| Task item |
Take the lines below from the one with "2026 Mitsubishi Outlander SE" through the one with "Toyota Crown XVI (S230) 2.5hyb CVT 4WD" and retype them exactly. Include nothing else, and no pictures.

(Beginning of Material to process)

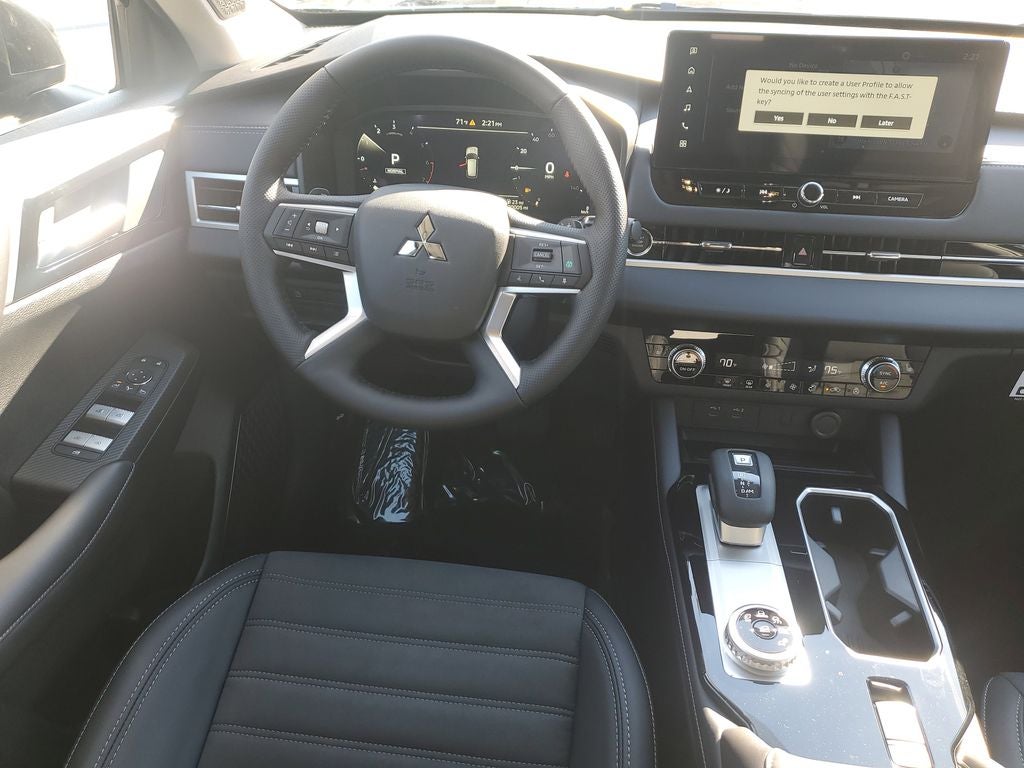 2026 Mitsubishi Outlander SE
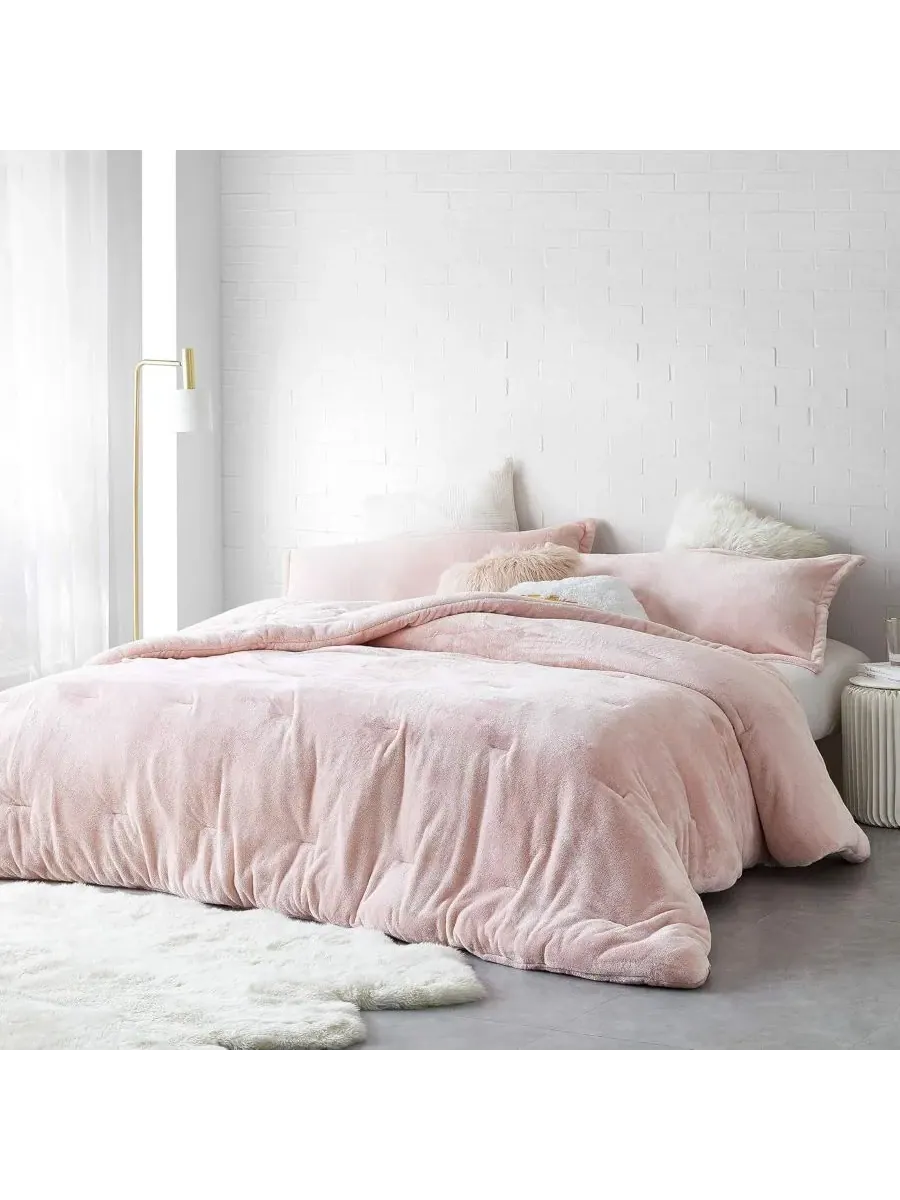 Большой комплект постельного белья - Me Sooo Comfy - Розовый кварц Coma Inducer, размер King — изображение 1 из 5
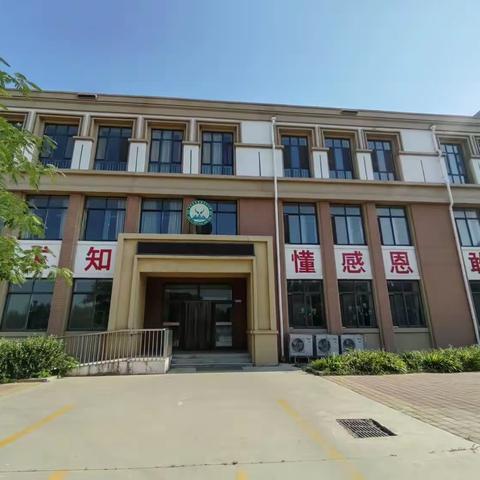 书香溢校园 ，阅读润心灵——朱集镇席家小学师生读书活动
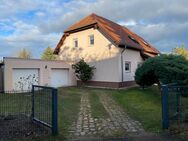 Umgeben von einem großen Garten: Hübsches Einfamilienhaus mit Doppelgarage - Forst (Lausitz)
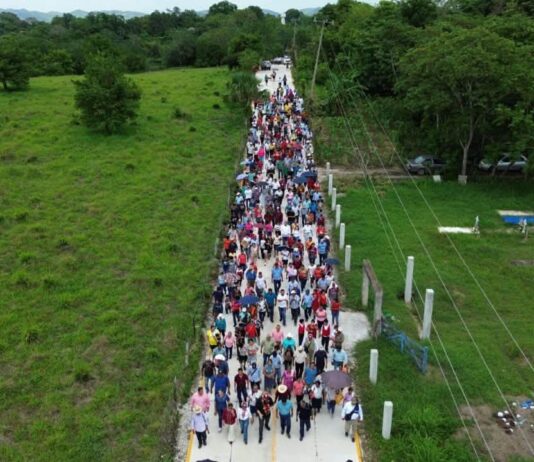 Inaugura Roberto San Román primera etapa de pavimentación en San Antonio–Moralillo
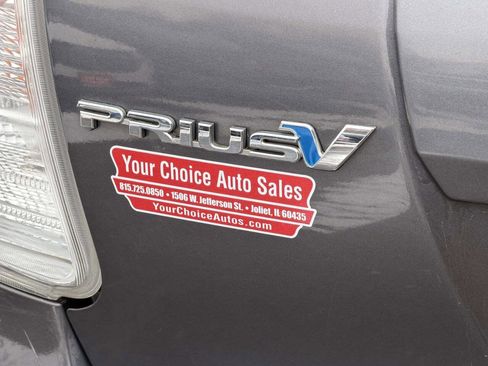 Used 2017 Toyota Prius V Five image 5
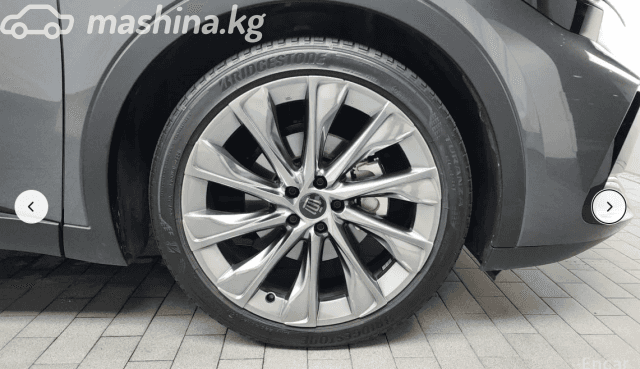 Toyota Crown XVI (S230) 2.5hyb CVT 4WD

(End of Material to process)
(Beginning of Material to process)

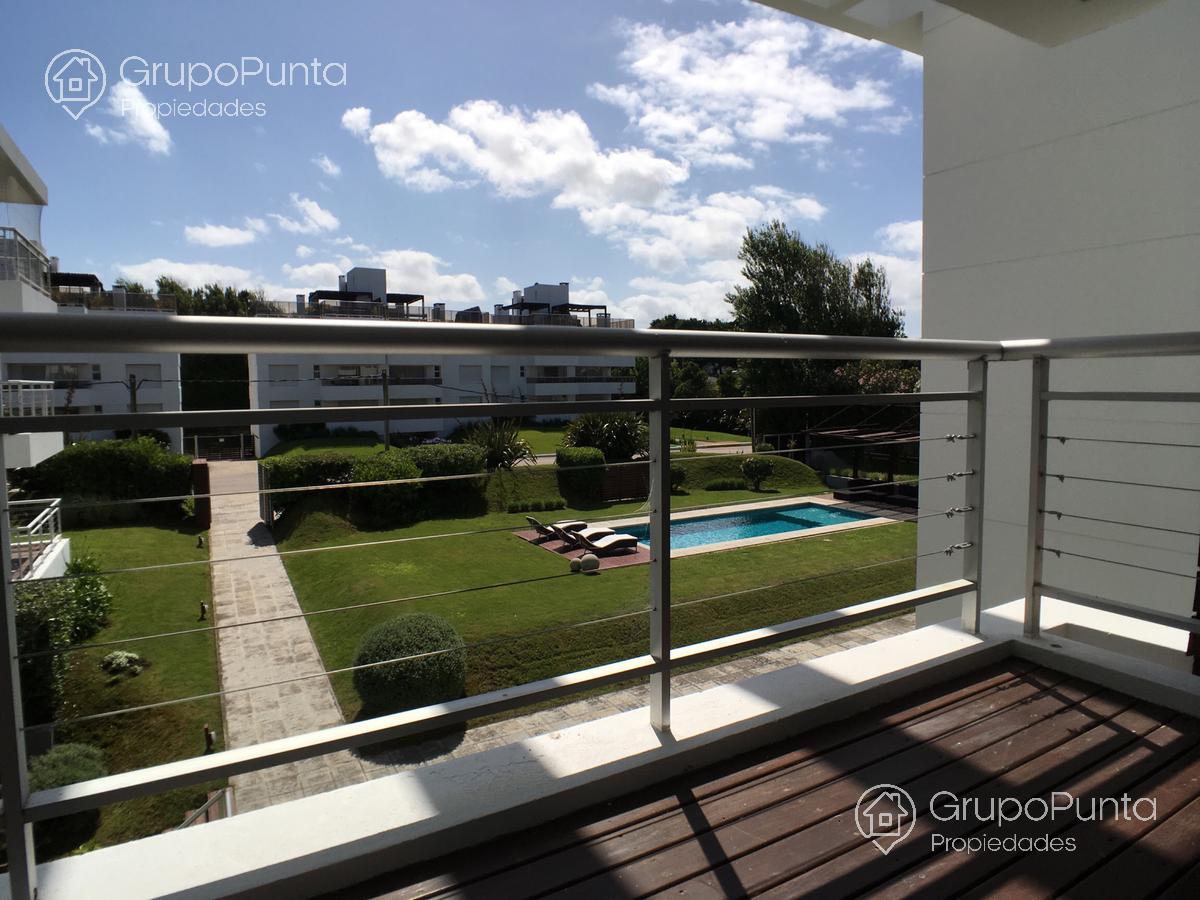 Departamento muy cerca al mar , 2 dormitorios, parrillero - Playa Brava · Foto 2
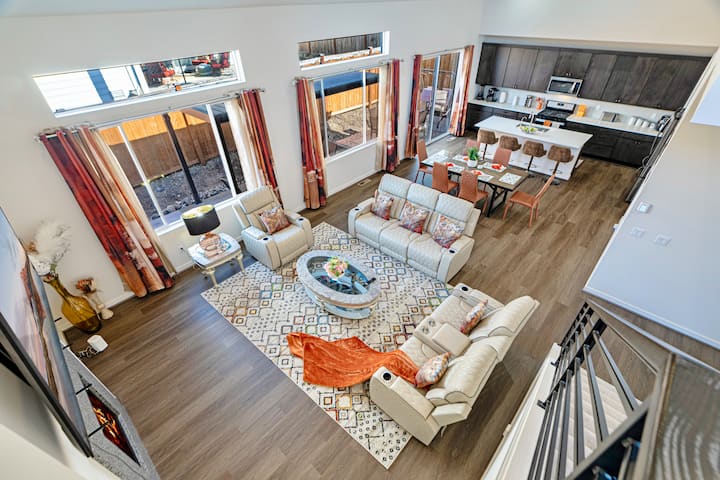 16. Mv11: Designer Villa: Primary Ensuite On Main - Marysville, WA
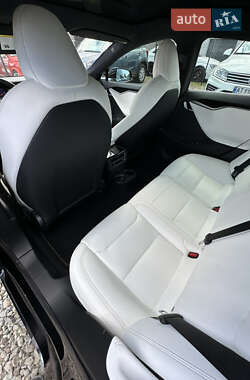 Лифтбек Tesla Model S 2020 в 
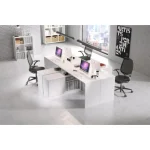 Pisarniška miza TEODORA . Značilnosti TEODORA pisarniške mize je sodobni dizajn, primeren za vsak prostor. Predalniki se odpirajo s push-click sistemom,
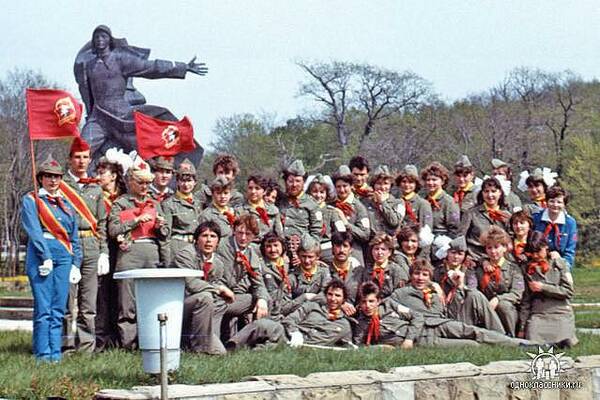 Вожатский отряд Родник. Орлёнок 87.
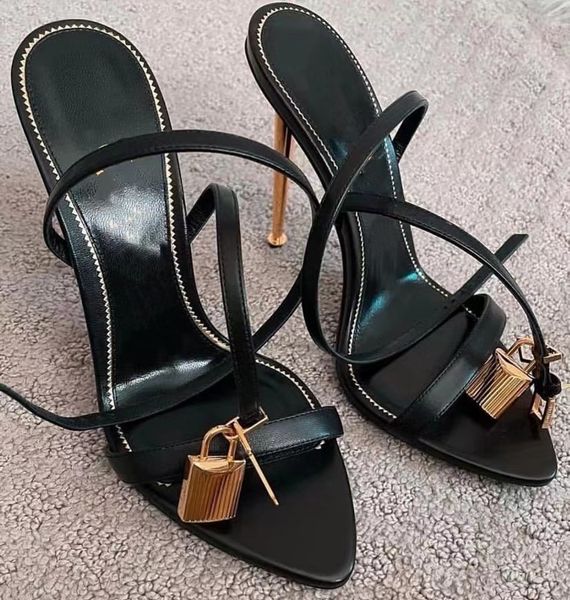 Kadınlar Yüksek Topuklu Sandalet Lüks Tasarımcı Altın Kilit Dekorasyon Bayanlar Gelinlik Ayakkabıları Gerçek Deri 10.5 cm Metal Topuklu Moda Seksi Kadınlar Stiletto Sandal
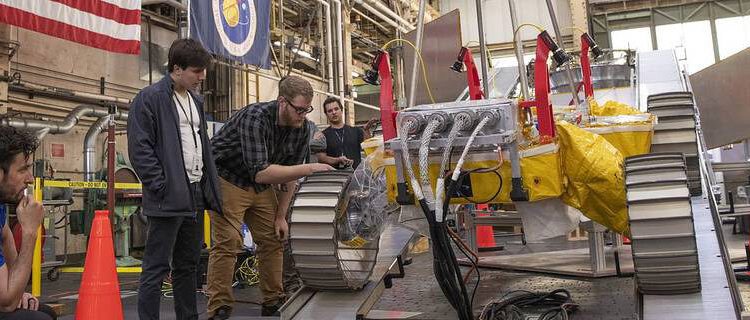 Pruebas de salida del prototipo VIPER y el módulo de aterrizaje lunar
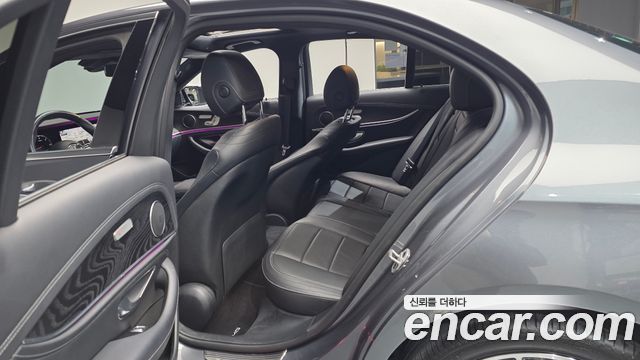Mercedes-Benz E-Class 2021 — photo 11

(End of Material to process)
(Beginning of Material to process)

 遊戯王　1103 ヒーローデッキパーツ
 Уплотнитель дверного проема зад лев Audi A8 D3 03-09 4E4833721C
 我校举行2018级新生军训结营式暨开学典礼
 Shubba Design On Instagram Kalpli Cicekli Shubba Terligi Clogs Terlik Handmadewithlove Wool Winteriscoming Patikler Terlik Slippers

(End of Material to process)

| Solution |
 2026 Mitsubishi Outlander SE
 Большой комплект постельного белья - Me Sooo Comfy - Розовый кварц Coma Inducer, размер King — изображение 1 из 5
 书香溢校园 ，阅读润心灵——朱集镇席家小学师生读书活动
 Umgeben von einem großen Garten: Hübsches Einfamilienhaus mit Doppelgarage - Forst (Lausitz)
 Inaugura Roberto San Román primera etapa de pavimentación en San Antonio–Moralillo
 Used 2017 Toyota Prius V Five image 5
 Toyota Crown XVI (S230) 2.5hyb CVT 4WD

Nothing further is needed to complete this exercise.